Many in the media have accepted, and passed on as fact, the
Democrats' party line that Republicans were out to cut and even
destroy Medicare. CNN's Frank Sesno, on the December 17 Late
Edition, set the record straight.
He first interviewed President Clinton's budget director, Alice
Rivlin. Sesno confronted Rivlin with the facts: "Take Medicare, for
example. You said, the President, rather, yesterday said, `They
would let Medicare wither on the vine into a second class citizen.'
Now, you don't really believe that the Republicans are going to let
Medicare wither on the vine? They're not talking about that. And as
you well know, and as they say as many times as they are able, even
with their cuts in the rate of growth of the program, it still grows
into an ever larger piece of the pie."
When Rivlin balked at such an analysis, Sesno remained adamant.
"In the interest of truth in advertising here, do you really believe
that the Speaker of the House and the Majority Leader of the Senate
want to destroy Medicare?" he asked. "Isn't this part of the
Mediscare debate that your critics accuse you of engaging in?"

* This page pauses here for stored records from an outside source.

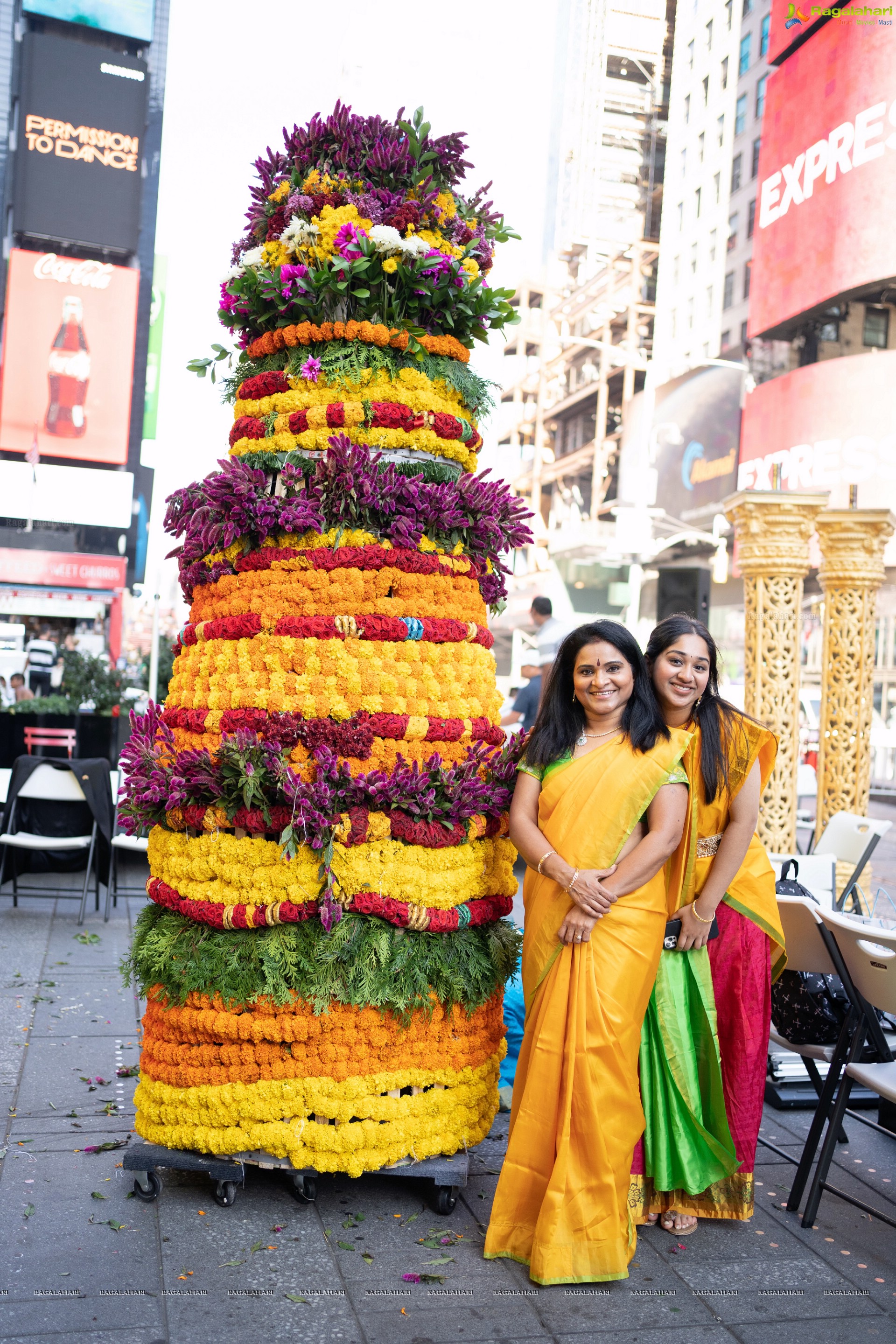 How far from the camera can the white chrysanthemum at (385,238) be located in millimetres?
3646

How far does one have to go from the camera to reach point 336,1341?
272 cm

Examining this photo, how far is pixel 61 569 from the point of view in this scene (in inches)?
1083

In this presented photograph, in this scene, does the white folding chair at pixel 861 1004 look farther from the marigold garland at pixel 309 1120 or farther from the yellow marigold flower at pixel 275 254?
the yellow marigold flower at pixel 275 254

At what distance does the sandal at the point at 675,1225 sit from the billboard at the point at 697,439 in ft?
103

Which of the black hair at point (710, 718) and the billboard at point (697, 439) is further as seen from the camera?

After Rivlin, Sesno interviewed Senate Minority Leader Tom
Daschle (along with GOP Senator Trent Lott). He pointed out to
Daschle that "in the health care reform debate, of not very long
ago, of which you were a part, there was a great deal of talk that
expenses had to be controlled. You had something called global
budgeting. I mean you were going to hold everybody down. So why is
it unfair to do that in the case of Medicare?"
Later, when Senator Daschle called the Republican plan to slow
Medicare's growth "the biggest cuts in the history of Medicare.
Biggest by far. Three times more than has ever been proposed." Sesno
corrected him: "Biggest cuts in the rate of growth of Medicare, not
Kudos to Sesno for giving Democratic rhetoric the same scrutiny
reporters usually reserve for Republicans.